■ ABOUT THIS TASK ■
Once the data has been read, restate all of it exactly.

══ TASK MATERIAL

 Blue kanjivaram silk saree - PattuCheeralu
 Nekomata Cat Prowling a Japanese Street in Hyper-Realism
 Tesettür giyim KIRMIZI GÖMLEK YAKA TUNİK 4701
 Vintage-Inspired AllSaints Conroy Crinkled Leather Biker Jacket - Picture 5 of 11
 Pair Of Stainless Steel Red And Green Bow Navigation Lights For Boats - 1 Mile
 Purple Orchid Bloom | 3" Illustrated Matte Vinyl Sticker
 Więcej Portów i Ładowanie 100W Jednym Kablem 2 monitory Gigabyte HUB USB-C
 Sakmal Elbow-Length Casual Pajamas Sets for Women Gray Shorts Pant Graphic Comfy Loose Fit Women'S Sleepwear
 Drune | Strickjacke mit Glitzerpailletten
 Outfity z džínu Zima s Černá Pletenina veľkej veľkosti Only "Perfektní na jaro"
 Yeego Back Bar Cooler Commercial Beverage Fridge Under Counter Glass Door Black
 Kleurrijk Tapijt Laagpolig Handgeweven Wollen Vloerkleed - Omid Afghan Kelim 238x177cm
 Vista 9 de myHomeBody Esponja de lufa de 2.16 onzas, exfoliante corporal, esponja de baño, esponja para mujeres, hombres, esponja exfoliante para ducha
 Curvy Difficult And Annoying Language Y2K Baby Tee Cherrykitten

════

■ WRITTEN RESPONSE ■
 Blue kanjivaram silk saree - PattuCheeralu
 Nekomata Cat Prowling a Japanese Street in Hyper-Realism
 Tesettür giyim KIRMIZI GÖMLEK YAKA TUNİK 4701
 Vintage-Inspired AllSaints Conroy Crinkled Leather Biker Jacket - Picture 5 of 11
 Pair Of Stainless Steel Red And Green Bow Navigation Lights For Boats - 1 Mile
 Purple Orchid Bloom | 3" Illustrated Matte Vinyl Sticker
 Więcej Portów i Ładowanie 100W Jednym Kablem 2 monitory Gigabyte HUB USB-C
 Sakmal Elbow-Length Casual Pajamas Sets for Women Gray Shorts Pant Graphic Comfy Loose Fit Women'S Sleepwear
 Drune | Strickjacke mit Glitzerpailletten
 Outfity z džínu Zima s Černá Pletenina veľkej veľkosti Only "Perfektní na jaro"
 Yeego Back Bar Cooler Commercial Beverage Fridge Under Counter Glass Door Black
 Kleurrijk Tapijt Laagpolig Handgeweven Wollen Vloerkleed - Omid Afghan Kelim 238x177cm
 Vista 9 de myHomeBody Esponja de lufa de 2.16 onzas, exfoliante corporal, esponja de baño, esponja para mujeres, hombres, esponja exfoliante para ducha
 Curvy Difficult And Annoying Language Y2K Baby Tee Cherrykitten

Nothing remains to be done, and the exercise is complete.